Chocolate Olive Oil Cake

Degree of difficulty


Preparation time

20 minutes

Cooking Time

15 minutes




  • 1 ½ cups all-purpose flour
  • ¾ cup (plus two tablespoons) unsweetened cocoa powder, divided
  • 1 ½ cups (plus 2 tablespoons) coconut sugar, divided
  • 1 ½ teaspoons baking soda
  • 1 teaspoon salt
  • ¾ cup olive oil, divided, plus more for greasing
  • 1 ½ cups water
  • 1 tablespoon apple cider vinegar
  • 1 cup dark chocolate chips
  • flaked salt for garnish
  • fresh berries for serving


  1. Preheat oven to 350 ºF.
  2. Whisk flour, ¾ cup cocoa powder, 1½ cups coconut sugar, baking soda, and salt until full incorporated.
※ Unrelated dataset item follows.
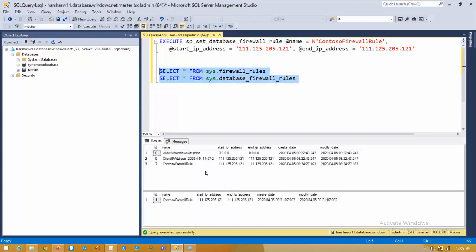At the server level we have three rules. One is 'Allow All Windows Azure IPs' with start IP 0 and end IP 0 — this is a default rule created by Azure and we cannot see it in the Azure portal. The other two rules are visible in the Azure portal. At the database level, I already have one client IP address added.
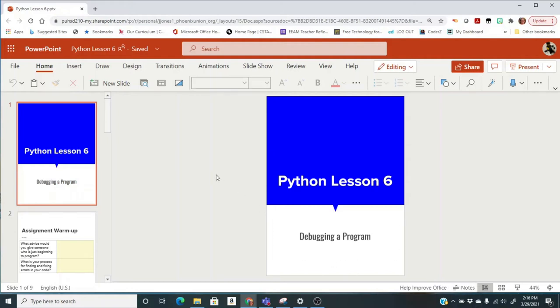Now let's talk about Python Lesson 6. This is a debugging program, so you're not going to type any code, but what you're going to have to do is find up to 10 errors in the code that's already here.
Mix in ½ cup oil, water, and vinegar until batter just forms but no lumps remain. Divide batter by pouring halfway up each of the 7 greased mini cake pans and bake 15-20 minutes.
  3. While the cakes bake, make the chocolate glaze: In a double boiler*, melt dark chocolate, 2 tablespoons of cocoa powder, 2 tablespoons of coconut sugar, and the remaining ¼ cup oil. Mix until smooth and keep warm until serving.
  4. Gently flip the pan to remove cakes and let cool slightly on a wire rack. Cover the cakes with chocolate glaze on the rack—or tableside when serving. Serve cakes with flaked salt and fresh berries.
*Note: If you don’t have a double boiler, boil water in a pot and place a heat-safe metal bowl on top. Add chocolate and butter to the bowl, hold the side with a thick towel, and stir with your other hand.